12. Consider $\mathbf{M}$ and $\mathbf{N}$ , the matrices from Exercises 10 and 11.
1. Discuss your expectations of the product $\mathbf{M}\mathbf{N}$ .
2. Discuss your expectations of the product $\mathbf{N}\mathbf{M}$ .
3. Calculate both $\mathbf{M}\mathbf{N}$ and $\mathbf{N}\mathbf{M}$ . Were your expectations correct?
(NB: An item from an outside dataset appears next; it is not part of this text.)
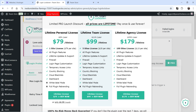There is another plan for $99 which you can use on five different websites with all the same features. The Agency License lets you install the plugin on 100 websites for a one-time payment of only $179. If you are a web design company or a freelancer, you can go for the Agency License. If you want to buy this plugin, the link will be in the description box.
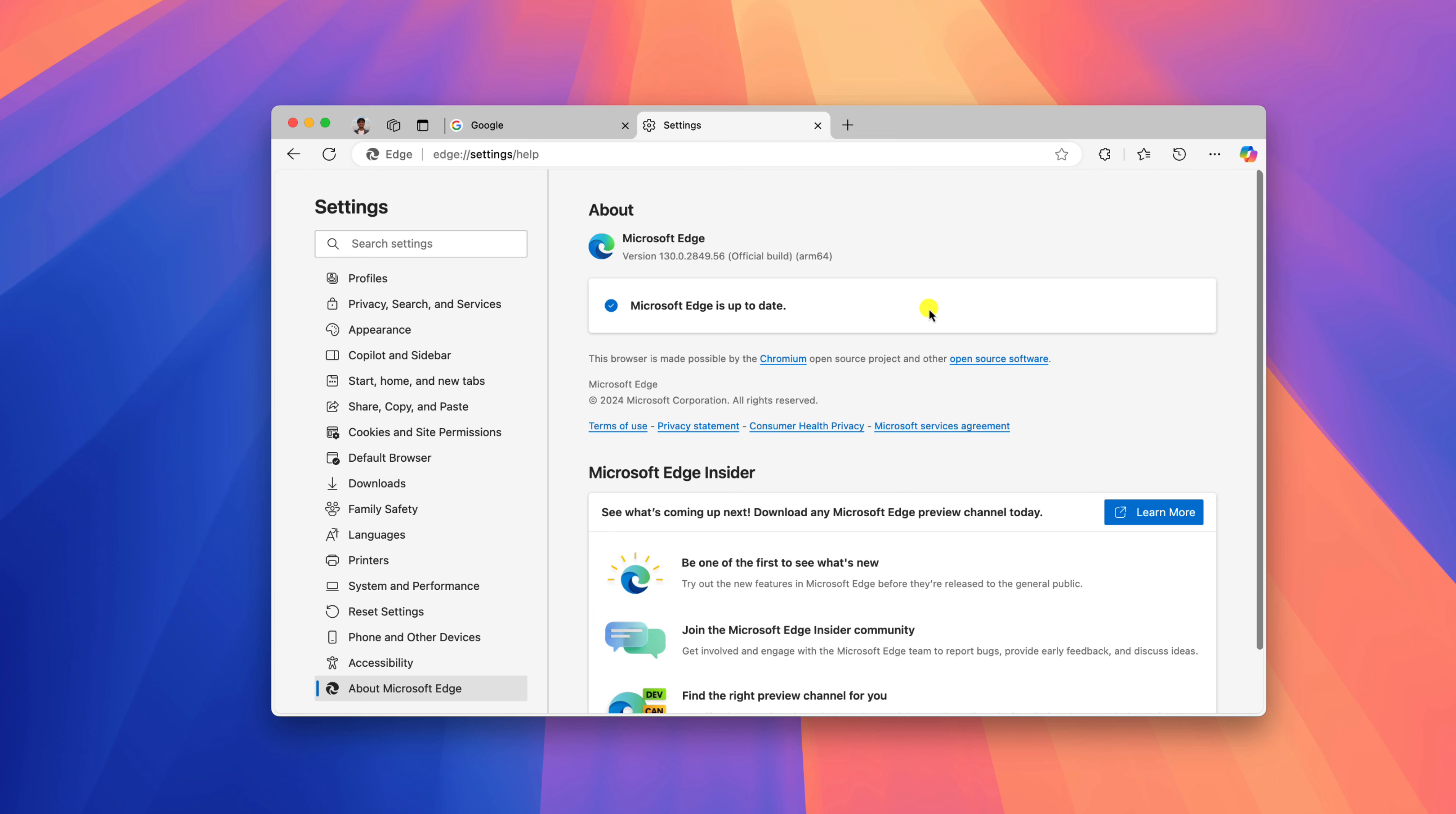If there is any available update for your Microsoft Edge browser, it will automatically download and install it on your system.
To be civilized is to be potentially master of all possible ideas,
and that means that one has got beyond being shocked,
although one preserves one's own moral aesthetic preferences.
— Oliver Wendell Holmes (1809–1894)

References
[1] Tomas Akenine-Möller, Eric Haines, and Natty Hoffman.   Real-Time Rendering, Third edition.   Natick, MA: A K Peters, Ltd., 2008.   http://www.realtimerendering.com/.
[2] Gilbert Strang.   Computational Science and Engineering.   Cambridge, UK: Wellesley-Cambridge, 2007.
[3] Gilbert Strang.   Introduction to Linear Algebra, Fourth edition.   Cambridge, UK: Wellesley-Cambridge, 2009.

1. The problem of finding the parenthesization that minimizes the number of scalar multiplications is known as the matrix chain problem.
2. It's rows in this book. If you're using column vectors, it's the columns of the matrix.
3. It's a system of inequalities, but similar principles apply.